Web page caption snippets
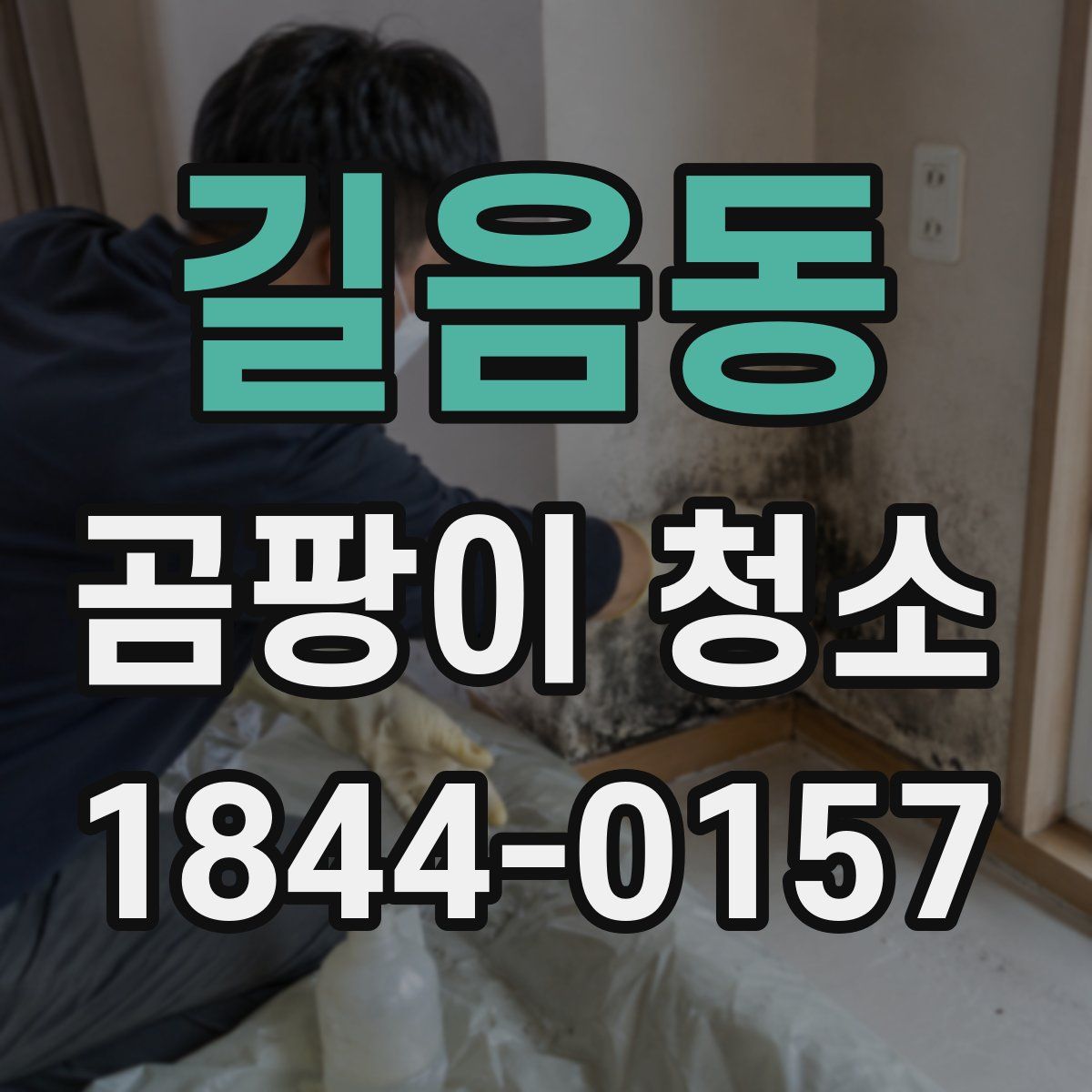 길음동 곰팡이 청소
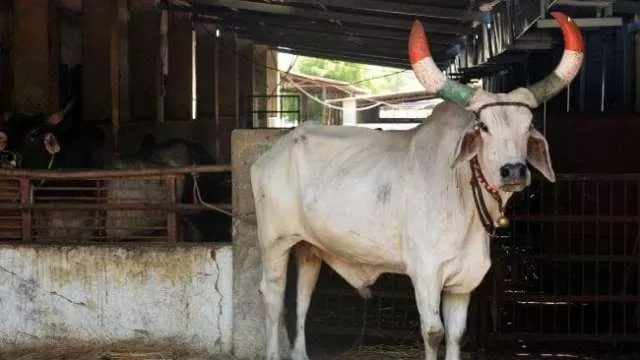 similar cases of cow vigilante violence are at the trial stage photo afp similar cases of cow vigilante violence are at the trial stage photo afp
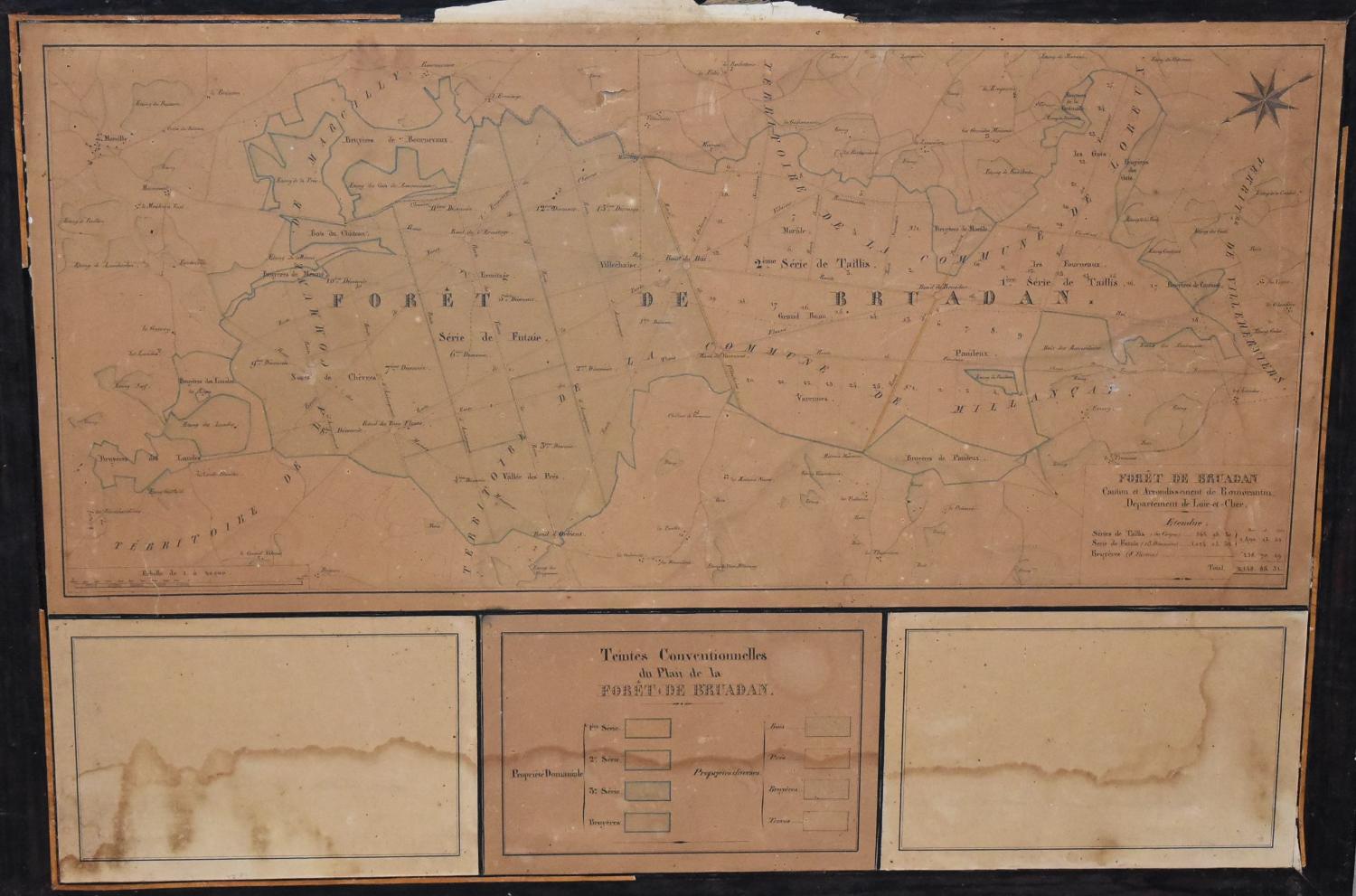 Plan de la forêt de Bruadan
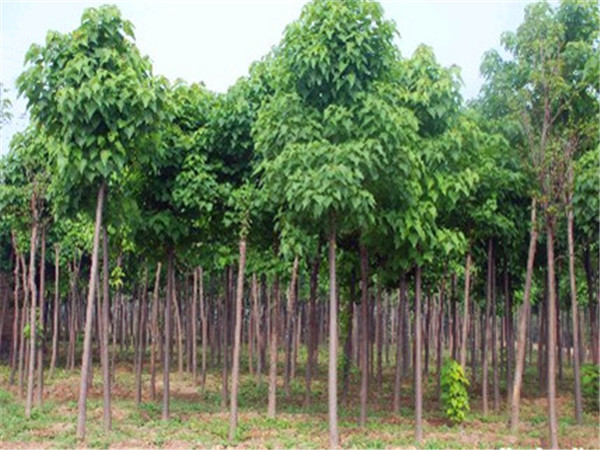 楸树怎么种？楸树果实怎么吃？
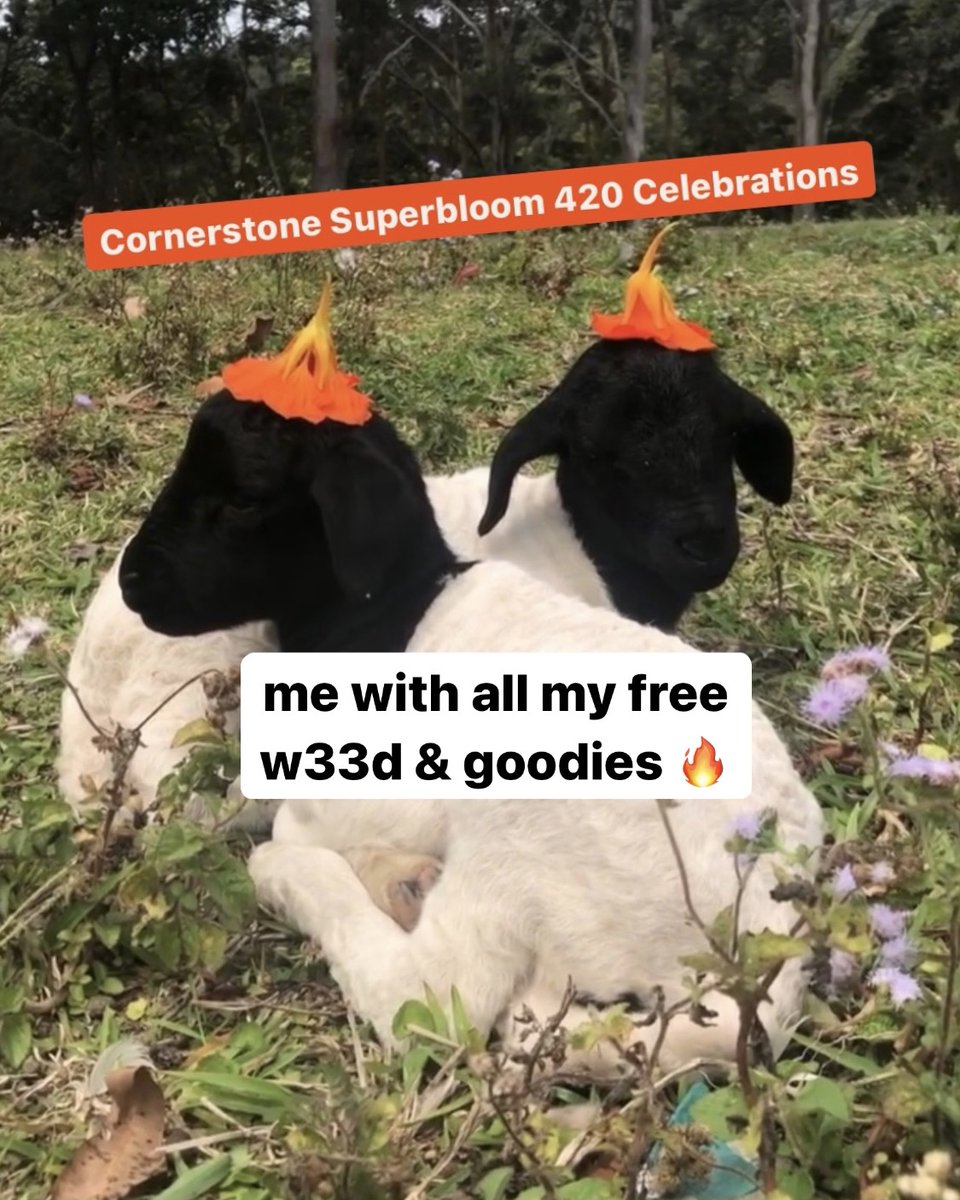 RT if the renewal of spring has done wonders for ur mental health 🌞🌻🌷🌸💐🌼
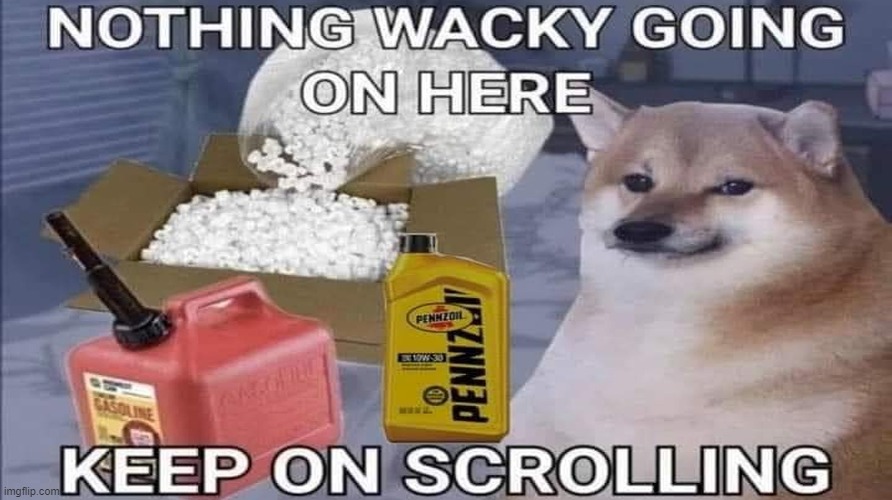 Nope nothin' wacky goin' on here | image tagged in nothing to see here | made w/ Imgflip meme maker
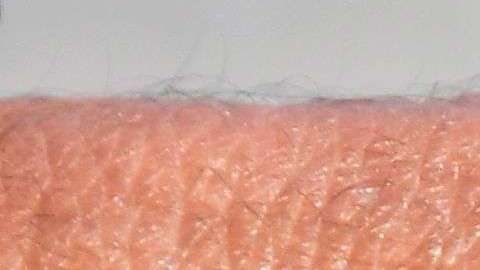 Insecto que trasmite el Zika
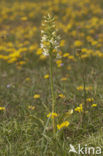 Bergnachtorchis (Platanthera chlorantha) 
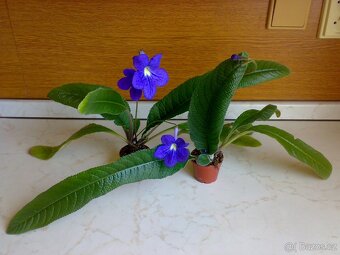 Modrofialová tořivka - Streptocarpus - rostlina - 4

* What needs to be done
Exactly as written, restate all of the data, leaving out the images.

* Solution for this problem
 길음동 곰팡이 청소
 similar cases of cow vigilante violence are at the trial stage photo afp similar cases of cow vigilante violence are at the trial stage photo afp
 Plan de la forêt de Bruadan
 楸树怎么种？楸树果实怎么吃？
 RT if the renewal of spring has done wonders for ur mental health 🌞🌻🌷🌸💐🌼
 Nope nothin' wacky goin' on here | image tagged in nothing to see here | made w/ Imgflip meme maker
 Insecto que trasmite el Zika
 Bergnachtorchis (Platanthera chlorantha) 
 Modrofialová tořivka - Streptocarpus - rostlina - 4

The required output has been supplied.